There are also untold numbers of more abstract and often simpler AIs and computer systems that might suffer in the course of AGI development. For example, RL agents used for stock prediction would suffer when they incurred losses in simulations using past data or on current market transactions. RL agents in video games would suffer when shot or slain with a sword. A web browser would suffer (infinitesimally) if it failed to receive a response to an HTTP request and kept retrying in a futile attempt to achieve its desired state (successfully rendering the HTTP data). And so on. As we move down to these increasingly simpler systems, the degree of moral concern becomes almost negligible. But given the prevalence of these small, rudimentary algorithms, we should also ask whether their numerosity can compensate for their low degree of per-individual importance. I don’t know what I think about this. I incline toward apportioning most of my moral concern for bigger, more intelligent, and more clearly animal-like processes, but I wouldn’t rule out changing my mind about that.

It seems like the reason that you think that RL agents have moral significance is that they receive rewards which they are trying to maximise, and modify their behaviour to achieve that objective. Many machine-learning algorithms work in a similar way: For instance, in the training phase of a neural network designed to classify images, the network will be fed an image, output its classification, and then learn how accurate its classification is. Based on this feedback, it will modify its internal structure in order to better classify similar images. Do you think that these algorithms are deserving of moral consideration?

As of mid-2014, I’ve become a panpsychist and think all physical/computational systems deserve some degree of moral consideration. But the more difficult question is how much importance a given system has.

I agree that non-RL learning algorithms, as well as other function optimizers, share important similarities with RL: As you say, they all involve adjusting internal parameters with the high-level goal of maximizing or minimizing some objective function.

How much we care about a given system is a fuzzy, often emotional judgment call. My heartstrings are tugged slightly more by RL agents than by supervised learners (assuming the systems have roughly comparable sophistication) because RL agents seem generally more animal-like. For example, an RL agent moving around a grid world can learn to avoid bad squares and seek good ones. A neural network also learns to “avoid” bad outcomes – by adjusting its network weights particularly strongly when it makes particularly big prediction errors – but the neural network’s response seems a bit more abstract and mathematical. Of course, an RL agent moving around a grid world is also represented abstractly by numbers (e.g., x coordinate and y coordinate), so maybe this apparent distinction is not very substantive.

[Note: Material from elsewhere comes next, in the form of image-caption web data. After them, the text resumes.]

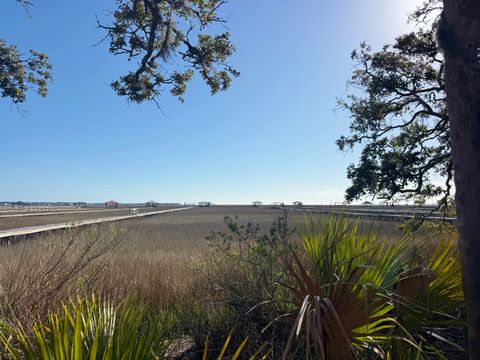 0 Palmetto Road Docksite F Edisto Island SC 29438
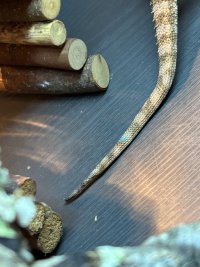 IMG_1421.jpeg
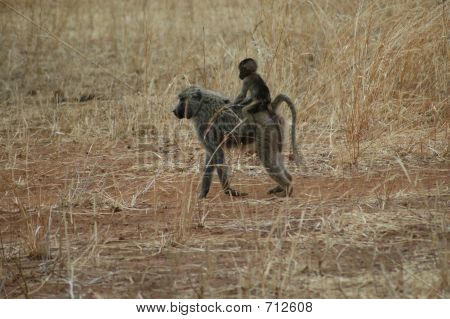 Mãe e bebê macaco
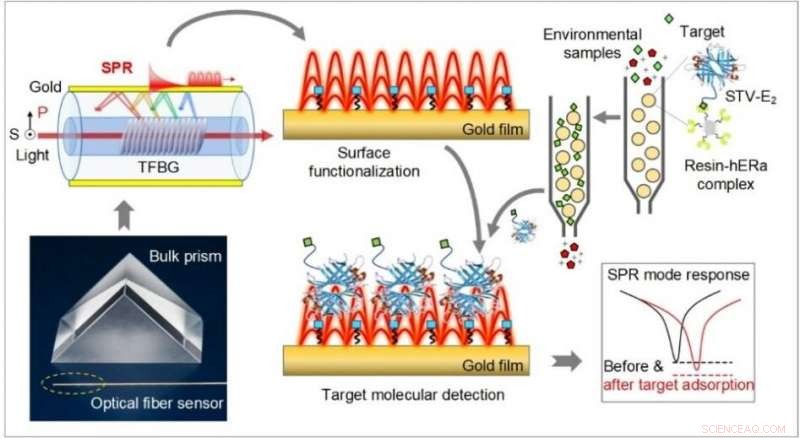 Ultra‑Sensitive Detection of Endocrine Disruptors Using Superfine Plasmonic Spectral Combs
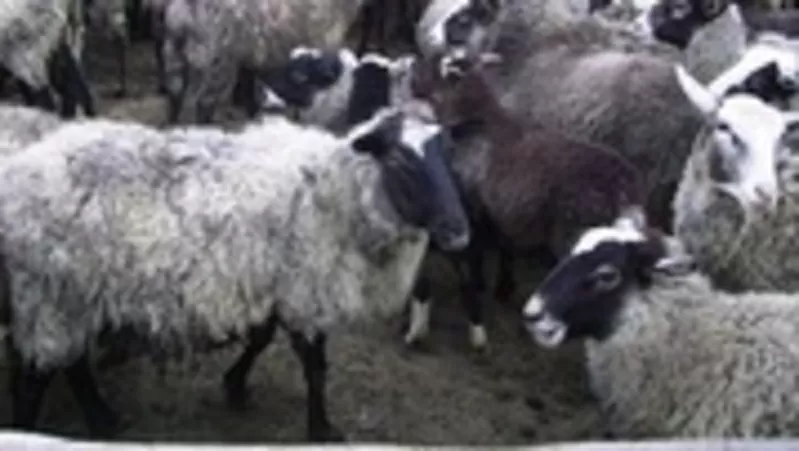 продам овец ярок РОМАНОВСКОЙ ПОРОДЫ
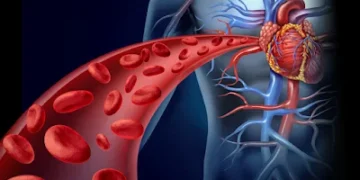 Enemigos del colesterol alto: cuáles son los hábitos y alimentos que los expertos aconsejan eliminar
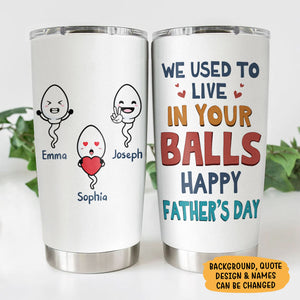 We Used To Live In Your Balls Vintage, Personalized Tumbler Cup, Father's Day Gifts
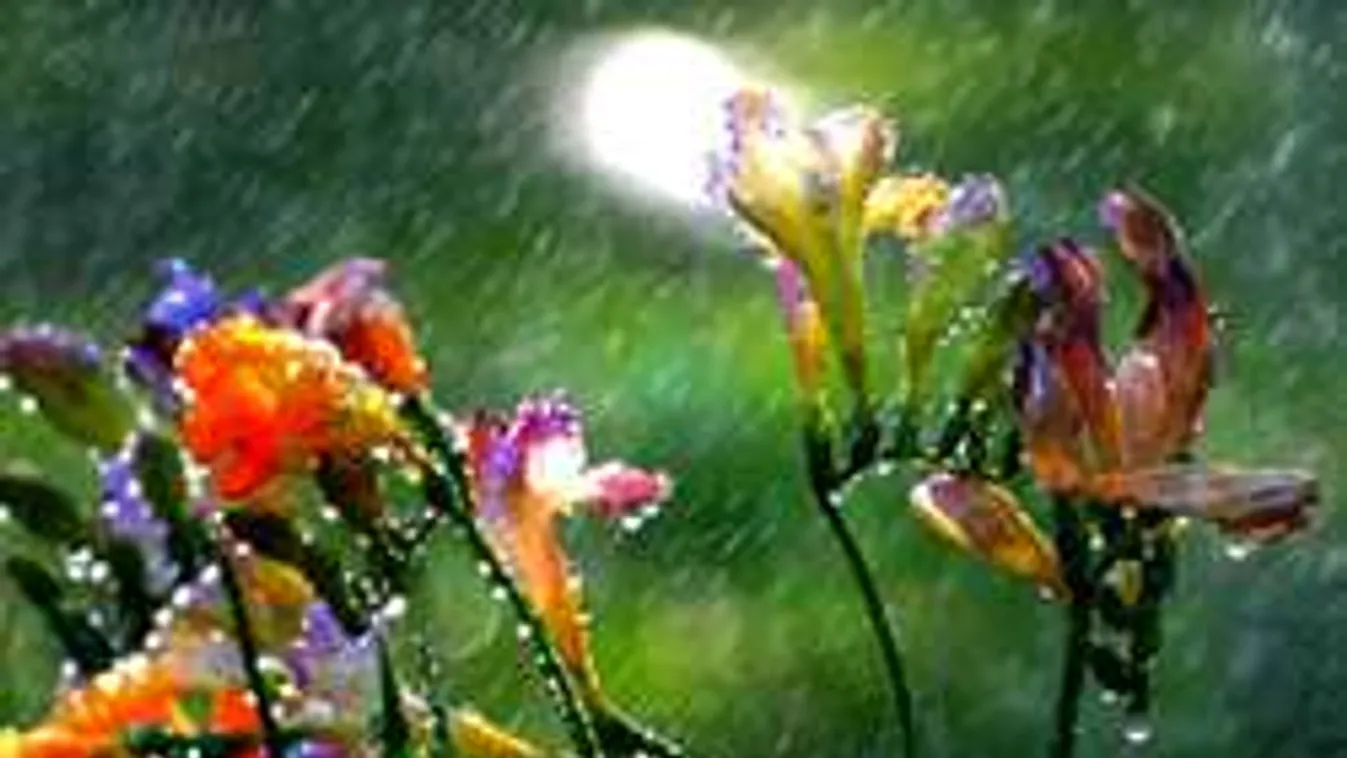 Szakad az eső? Ha ezt teszed a vizes kerteddel, csodát látsz!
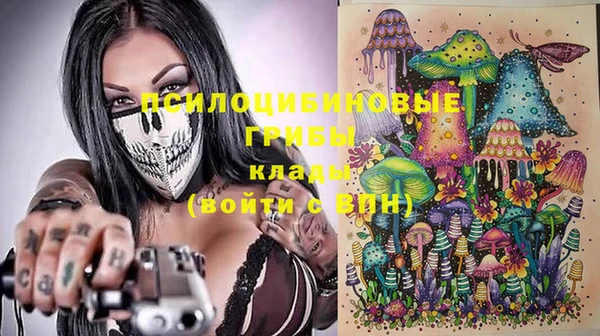 гашик Коряжма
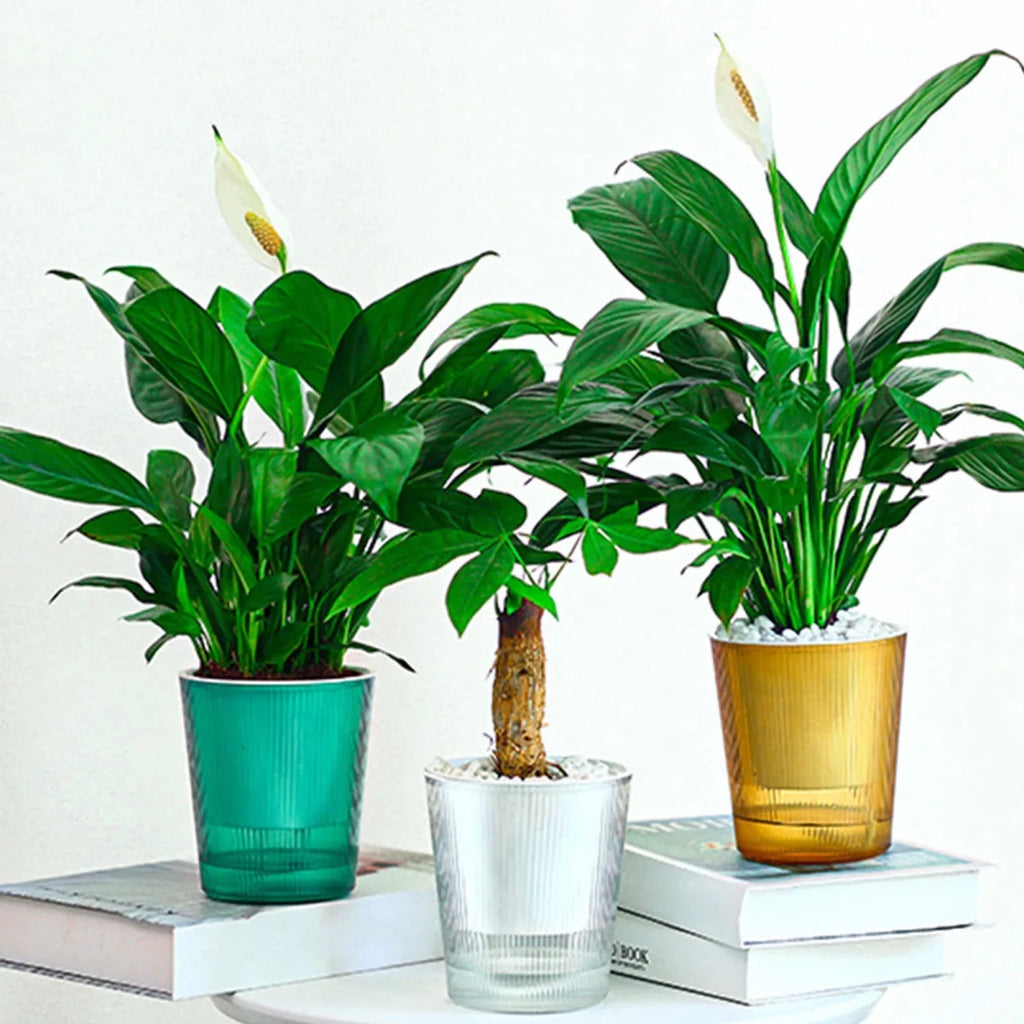 Elegant Clear Self-Watering Planters for Indoor & Outdoor Plants - Modern Design 5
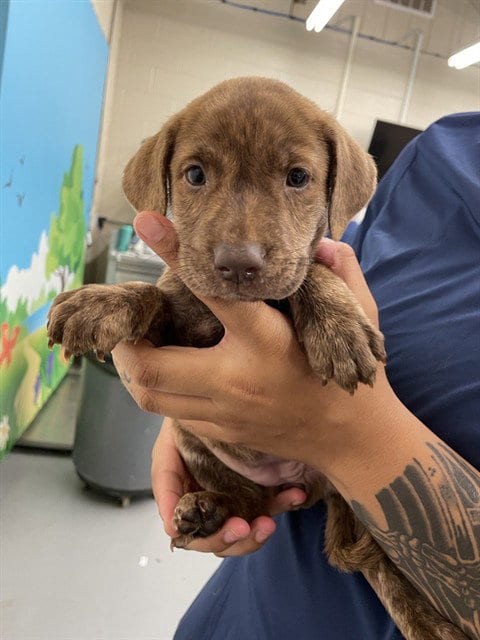 Photo of Tampa, adoptable Labrador Retriever in Waco, Texas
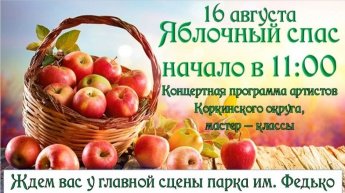 Концертная программа артистов Коркинского округа , мастер-классы
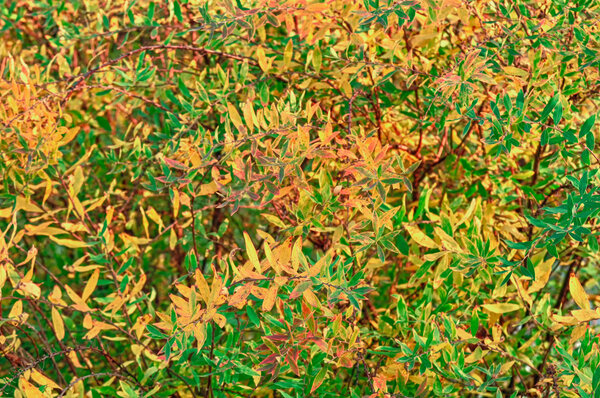 Yellow, Red, Orange and Green Leaves of Spiraea (Meadowsweet) Shrub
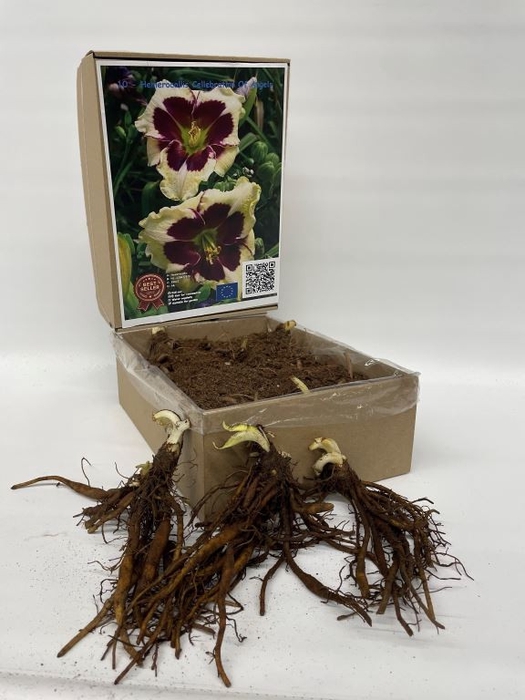 <h4>Hemerocallis Cellebration Of Angels</h4>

Often an RL agent will use a function approximator like a neural network to handle noisy inputs. For example, the agent might have a network that receives stimuli about what state the agent is in (e.g., the agent is hungry and sees a ripe fruit) and outputs whether the agent should take a given action (e.g., whether the agent should eat what it’s looking at). In this case, the connection with neural-network learning is even more clear, since RL in this case is tuning the weights of the action-selection neural networks, combined with some other higher-level numerical manipulations.

In animals, there’s a big difference between neural networks for, say, image classification vs. neural networks for valuing inputs (e.g., detecting that sugar tastes good or fire feels bad). Like with most properties in the brain, the difference between these networks comes down to not so much how they work in isolation but how they’re hooked up to other components. Valence networks can strongly affect motor reactions, hormone release, laying down memories, verbal responses (e.g., “ouch!”), and many other areas of the brain. I suspect that these after-effects (Daniel Dennett might call them “sequelae”) of valence networks make pain and pleasure the rich emotional experiences that we feel them to be. Insofar as simple artificial RL agents have many fewer of these sequelae after they value input stimuli, it seems fair to call simple RL programs less emotional than animals – closer to ordinary supervised learners in how much they matter per stimulus-response cycle.

You have also written about the possibility of suffering subroutines - subsystems of an artificial intelligence that might themselves be morally relevant and experience suffering. In what sorts of AIs do you think that the risk of these suffering subroutines is highest? Do you think that we could predict when AIs would have ‘smiling subroutines’, and aim for those sorts of AIs?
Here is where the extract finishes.